» **Exercise**
The lines below, from the one holding "Antique Native American" through the final line, are to be copied exactly, with no other lines and no pictures.

» **Recorded data**
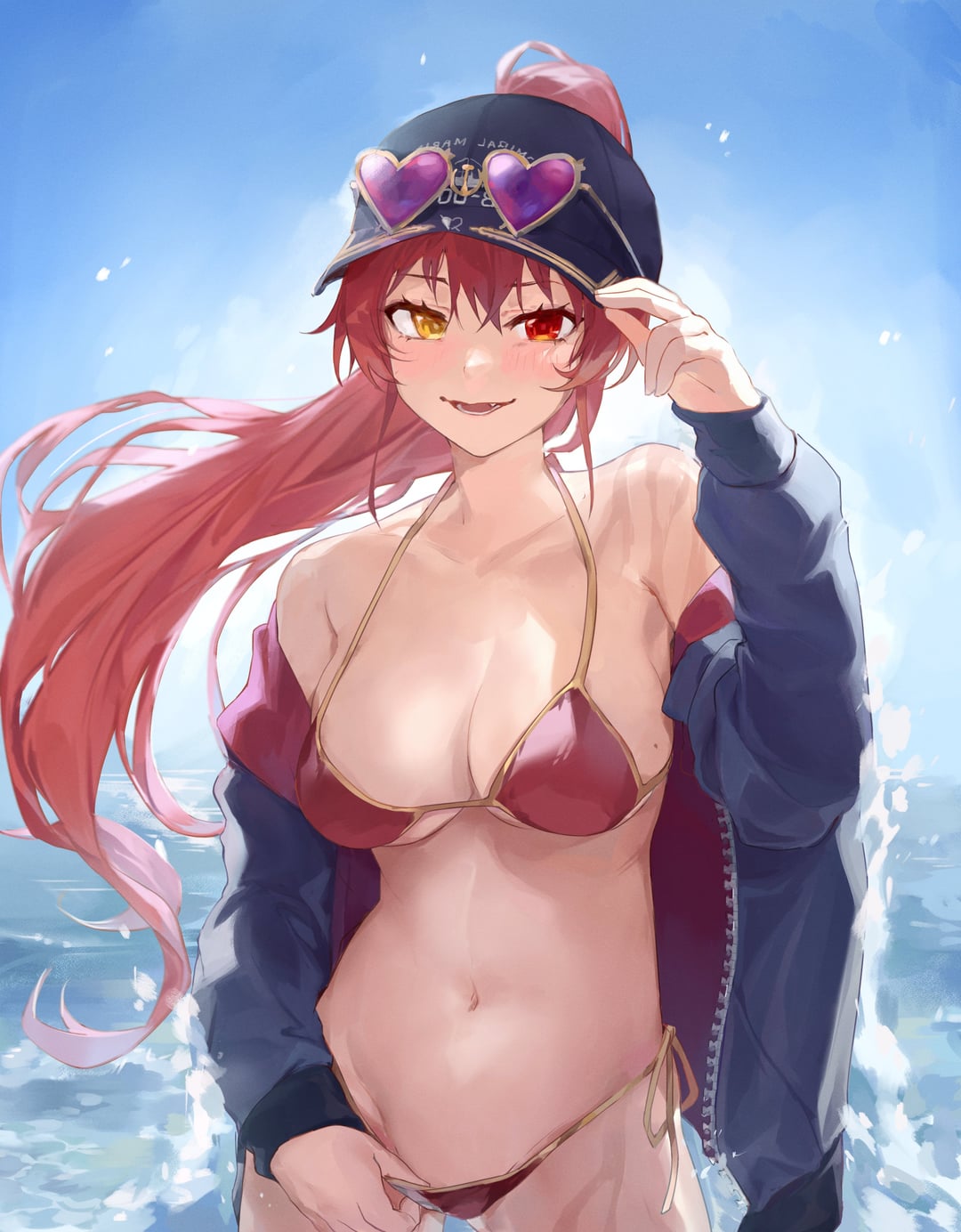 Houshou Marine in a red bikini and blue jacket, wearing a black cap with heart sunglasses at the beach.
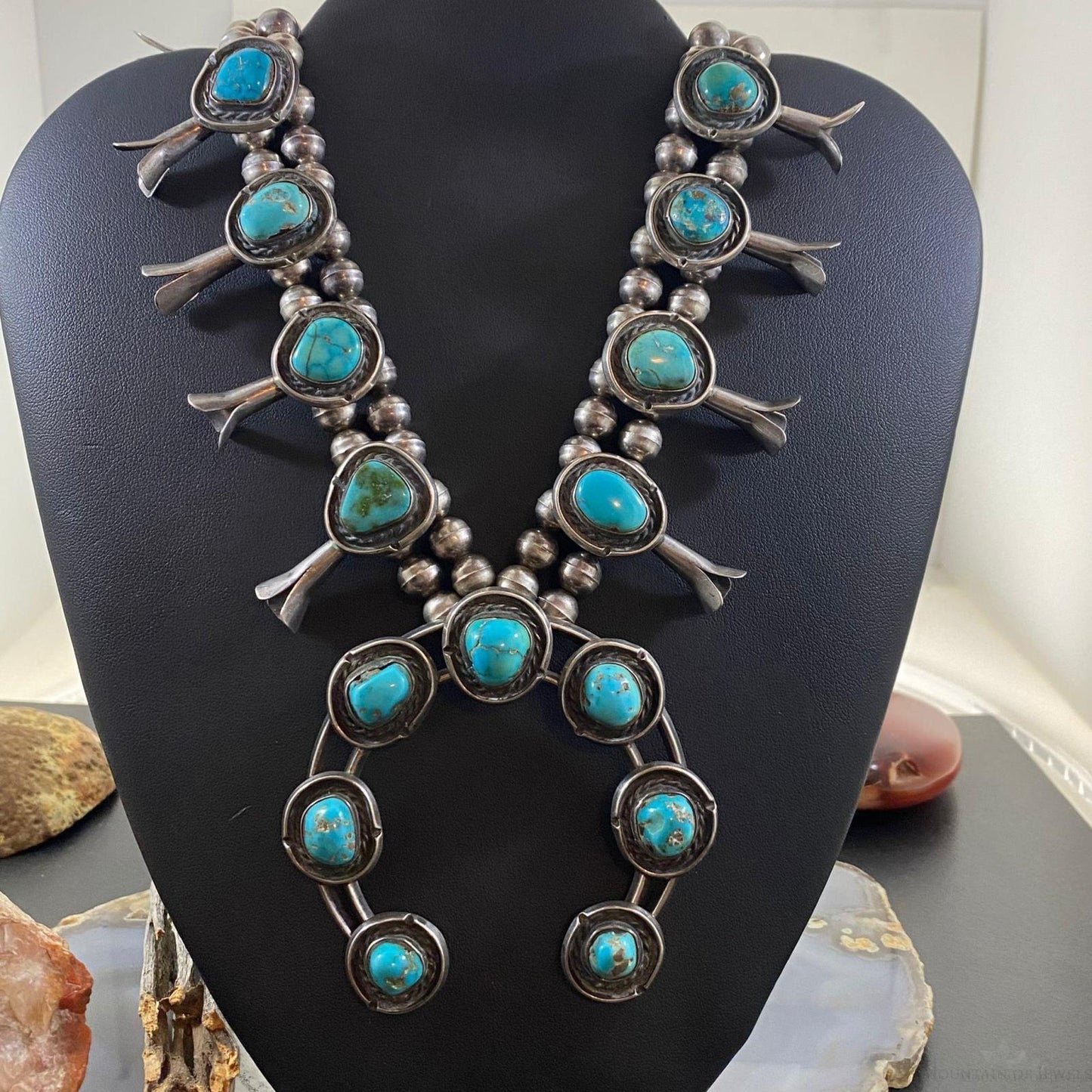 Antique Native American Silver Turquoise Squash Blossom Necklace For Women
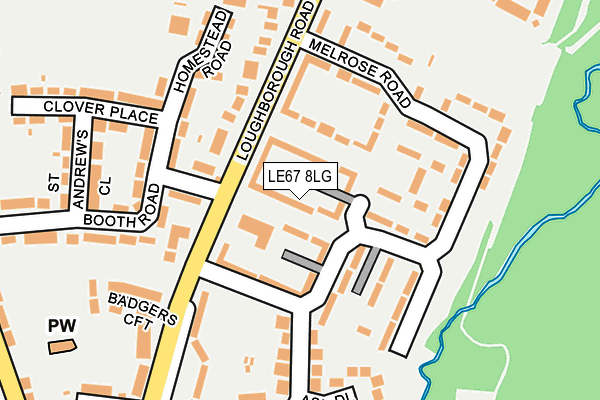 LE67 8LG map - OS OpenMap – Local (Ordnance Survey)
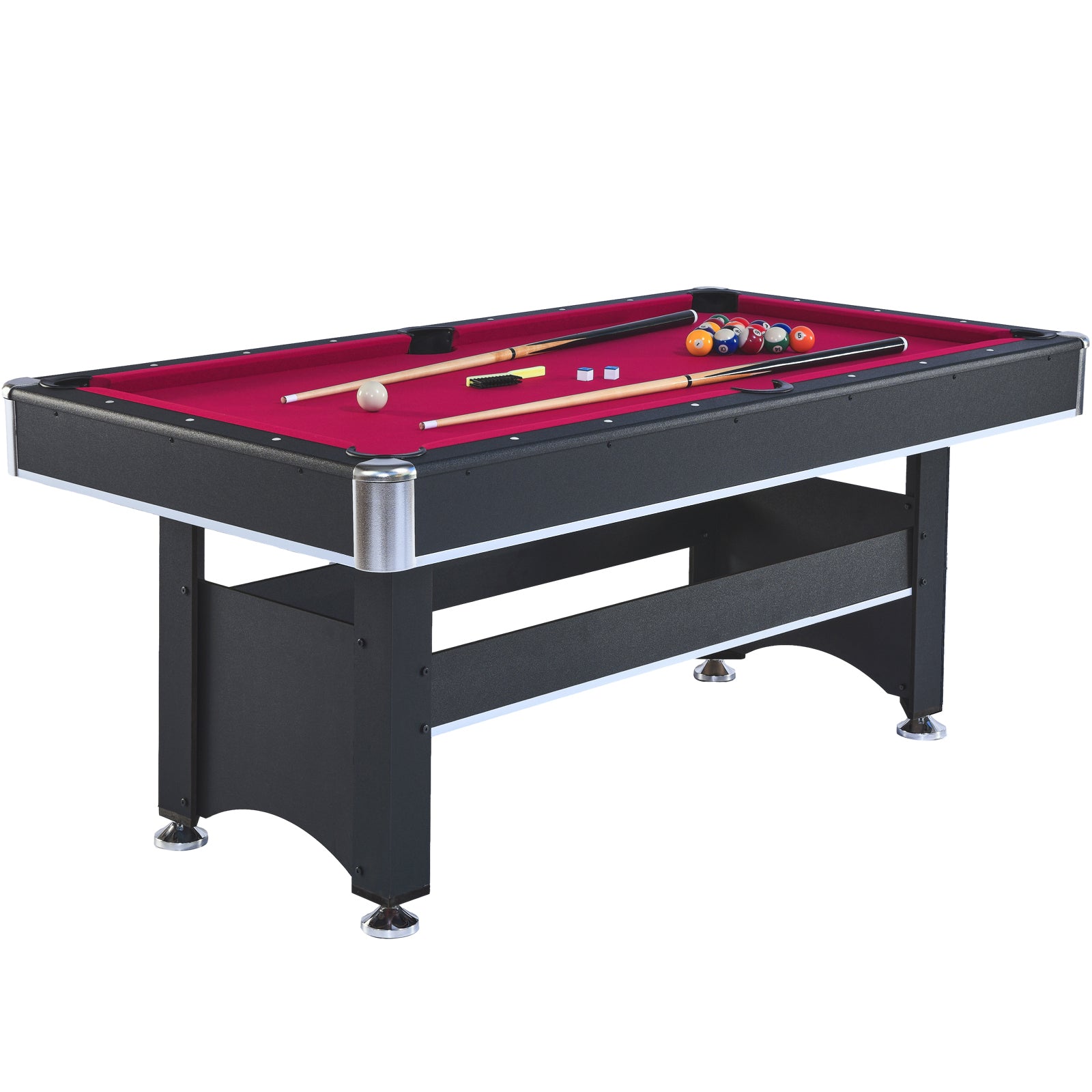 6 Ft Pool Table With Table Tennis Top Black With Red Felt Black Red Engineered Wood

» **Response to the exercise**
 Antique Native American Silver Turquoise Squash Blossom Necklace For Women
 LE67 8LG map - OS OpenMap – Local (Ordnance Survey)
 6 Ft Pool Table With Table Tennis Top Black With Red Felt Black Red Engineered Wood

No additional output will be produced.